- Born: March 31, 1977 (age 48) Terendak Camp, Malacca, Malaysia
- Occupation: Singer-Songwriter/Vocal Arranger (Four Forty Records Sdn. Bhd.)

= Juwita Suwito =

Malaysian singer, songwriter and vocal arranger

Juwita Suwito is a Malaysian singer, songwriter and vocal arranger. She is also the younger sister of Aubrey Suwito.

==Life and career==
===Early life===
Juwita Suwito was born in Terendak Camp, Malacca, to a Chinese Indonesian father who served as a Methodist pastor and a Singaporean mother who was a church organist. (Note: This made her to be known as the first-generation Malaysian in her family.) She has an older brother named Aubrey Suwito, who is a pianist, keyboardist, songwriter, arranger and producer. She mainly spent her early years either in Tranquerah or Klebang Besar. She would float paper boats after every downpour in a field (Note: The field had a rain tree and would transform into a "shallow lake" after rainfall.) close to her Tranquerah home. She later learnt to play the piano and violin. Her family moved to Kuala Lumpur before she turned 10 where she received education from Bukit Bintang Girls' School in Brickfields, Kuala Lumpur.

===Career beginnings and coaching===
Juwita began pursuing her career in her late teens as a backing vocalist for leading Malaysian artistes at gigs, mega concerts and prominent award shows. She soon adapted to it and was frequently called upon for song recordings for East Asian publishing houses. She had her breakthrough when some of these recordings were regionally released and caught the attention of various curious listeners. “Breathe Again” was published by Warner Music Taiwan in the original soundtrack for ‘The Outsiders’ Taiwanese drama series. In July 2003, Suwito performed a song she wrote according to the theme ‘Leading Change' while representing Malaysia at the YWCA World Council & International Women's Summit in Brisbane. (Note: The song expressed her passion to persuade especially the younger generation to use their unique capabilities when born to contribute to the society.

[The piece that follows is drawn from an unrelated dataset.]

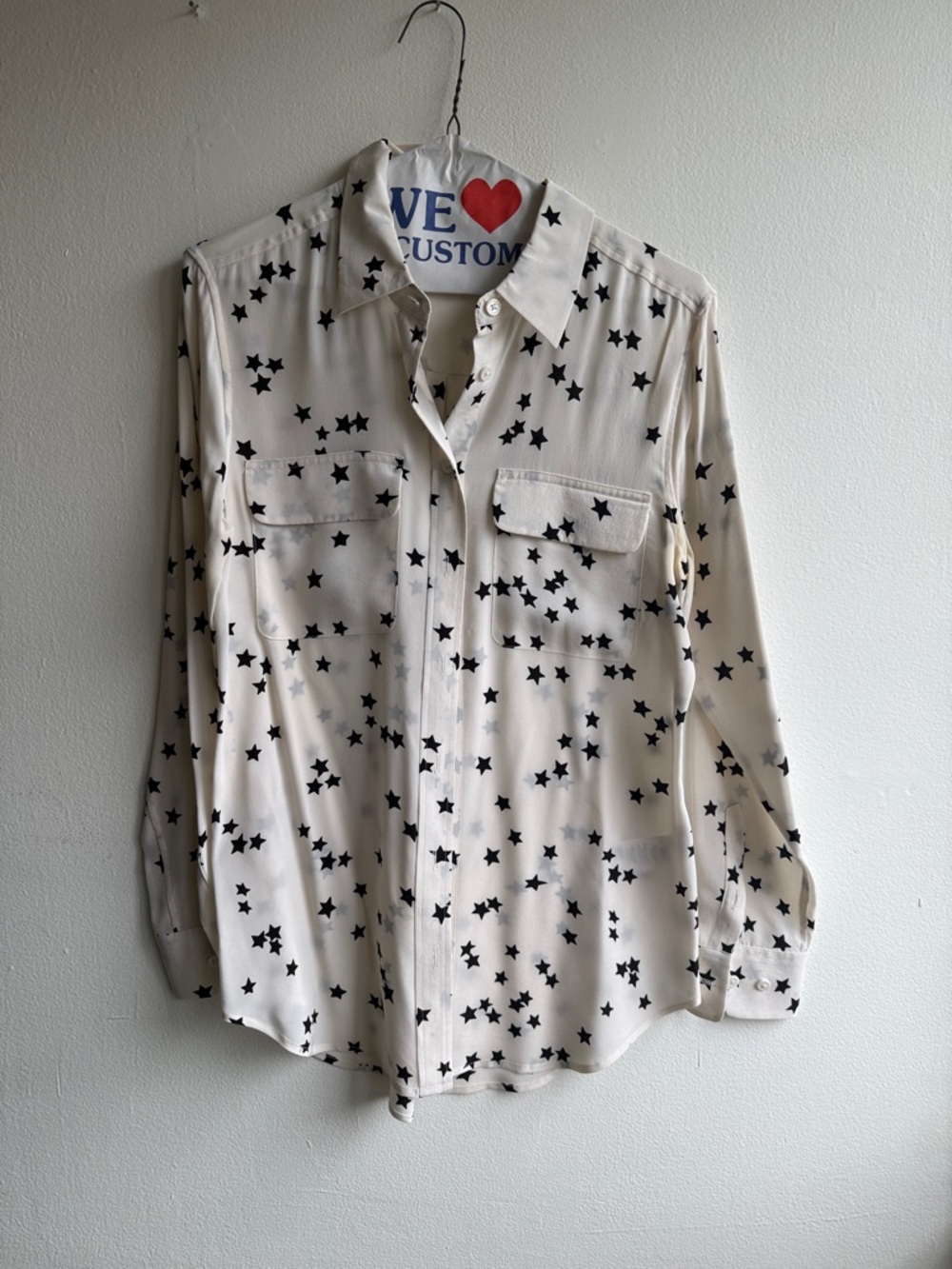 Equipment Silk Cream Star-Print Button-Up Shirt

This received an enthusiastic response from the audience of about 1000 women from many different countries.)

In 2004, Suwito started coaching the finalists of the inaugural 'Malaysian Idol'. In recent years (as of 2008), she started guest coaching on reality shows, namely 'One in a Million' and 'Mentor'. She was also enlisted on the LG MyStarz mentoring team consisting of Malaysia's top musicians.

As of 2007, she has a full-time job as a YWCA Malaysia National General Secretary.

==Style==
Juwita is known for touring around Malaysia, where she gets her song inspirations from listening to the local's stories. From there, she would like to present Malaysian culture through songwriting.

==Work==
She has produced a few albums and soundtracks, including "Breathe Again" featured in The Outsiders, a Taiwanese TV show.

In 2007, she sang both the English and Malay version of Visit Malaysia Year theme song, named One Golden Celebration.

==Live performances==
She performed together with her brother during the Malaysian Grand Prix Concert, featuring David Foster.